The third stage of DNA demethylation is removal of the intermediate products of demethylation generated by a TET enzyme by base excision repair. As indicated above in Stage 2, after 5mC is first oxidized by a TET to form 5hmC, further oxidation of 5hmC by TET yields 5fC and oxidation of 5fC by TET yields 5caC. Both 5fC and 5caC are recognized by a DNA glycosylase, TDG, a base excision repair enzyme, as an abnormal base. As shown in the Figure in this section, TDG removes the abnormal base (e.g. 5fC) while leaving the sugar-phosphate backbone intact, creating an apurinic/apyrimidinic site, commonly referred to as an AP site.
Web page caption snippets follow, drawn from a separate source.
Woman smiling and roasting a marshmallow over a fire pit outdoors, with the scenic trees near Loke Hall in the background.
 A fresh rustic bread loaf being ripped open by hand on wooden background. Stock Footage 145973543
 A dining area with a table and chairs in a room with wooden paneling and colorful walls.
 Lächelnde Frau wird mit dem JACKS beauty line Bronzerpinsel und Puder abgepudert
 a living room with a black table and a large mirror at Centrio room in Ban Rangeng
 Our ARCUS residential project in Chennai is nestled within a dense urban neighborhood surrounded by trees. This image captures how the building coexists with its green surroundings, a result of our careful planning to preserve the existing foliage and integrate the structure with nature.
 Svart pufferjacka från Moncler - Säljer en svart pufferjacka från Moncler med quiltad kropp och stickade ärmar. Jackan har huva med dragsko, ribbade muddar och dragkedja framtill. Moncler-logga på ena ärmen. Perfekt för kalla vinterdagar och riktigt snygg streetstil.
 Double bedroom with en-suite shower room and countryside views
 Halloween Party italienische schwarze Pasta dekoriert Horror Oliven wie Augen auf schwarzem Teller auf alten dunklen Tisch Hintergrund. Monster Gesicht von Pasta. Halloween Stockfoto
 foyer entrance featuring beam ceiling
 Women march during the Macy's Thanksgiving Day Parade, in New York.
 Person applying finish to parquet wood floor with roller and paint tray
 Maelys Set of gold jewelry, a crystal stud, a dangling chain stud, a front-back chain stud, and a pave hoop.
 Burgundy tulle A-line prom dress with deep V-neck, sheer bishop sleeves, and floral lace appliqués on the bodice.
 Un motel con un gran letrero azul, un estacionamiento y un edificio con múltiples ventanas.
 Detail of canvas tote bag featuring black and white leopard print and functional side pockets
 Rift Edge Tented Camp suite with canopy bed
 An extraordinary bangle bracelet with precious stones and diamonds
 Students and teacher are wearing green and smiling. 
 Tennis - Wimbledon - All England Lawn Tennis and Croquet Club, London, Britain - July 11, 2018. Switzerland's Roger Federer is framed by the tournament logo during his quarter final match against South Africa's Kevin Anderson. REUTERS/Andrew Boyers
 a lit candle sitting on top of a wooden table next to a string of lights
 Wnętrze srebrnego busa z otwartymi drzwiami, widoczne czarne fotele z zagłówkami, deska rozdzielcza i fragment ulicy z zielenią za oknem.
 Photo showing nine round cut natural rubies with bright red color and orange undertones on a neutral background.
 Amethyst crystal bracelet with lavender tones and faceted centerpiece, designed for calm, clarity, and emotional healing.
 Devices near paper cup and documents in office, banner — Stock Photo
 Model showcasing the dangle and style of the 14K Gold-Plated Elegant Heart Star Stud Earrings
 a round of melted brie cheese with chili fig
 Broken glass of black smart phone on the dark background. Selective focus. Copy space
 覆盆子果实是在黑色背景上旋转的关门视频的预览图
In this Figure, the 8-OHdG is left in the DNA, since it may have been present when OGG1 attracted TET1 to the CpG site with a methylated cytosine. After an AP site is formed, AP endonuclease creates a nick in the phosphodiester backbone of the AP site that was formed when the TDG DNA glycosylase removed the 5fC or 5caC. The human AP endonuclease incises DNA 5′ to the AP site by a hydrolytic mechanism, leaving a 3′-hydroxyl and a 5′-deoxyribose phosphate (5' dRP) residue. This is followed by either short patch or long patch repair. In short patch repair, 5′ dRP lyase trims the 5′ dRP end to form a phosphorylated 5′ end. This is followed by DNA polymerase β (pol β) adding a single cytosine to pair with the pre-existing guanine in the complementary strand and then DNA ligase to seal the cut strand. In long patch repair, DNA synthesis is thought to be mediated by polymerase δ and polymerase ε performing displacement synthesis to form a flap. Pol β can also perform long-patch displacement synthesis. Long-patch synthesis typically inserts 2–10 new nucleotides. Then flap endonuclease removes the flap, and this is followed by DNA ligase to seal the strand. At this point there has been a complete replacement of the 5-methylcytosine by cytosine (demethylation) in the DNA sequence.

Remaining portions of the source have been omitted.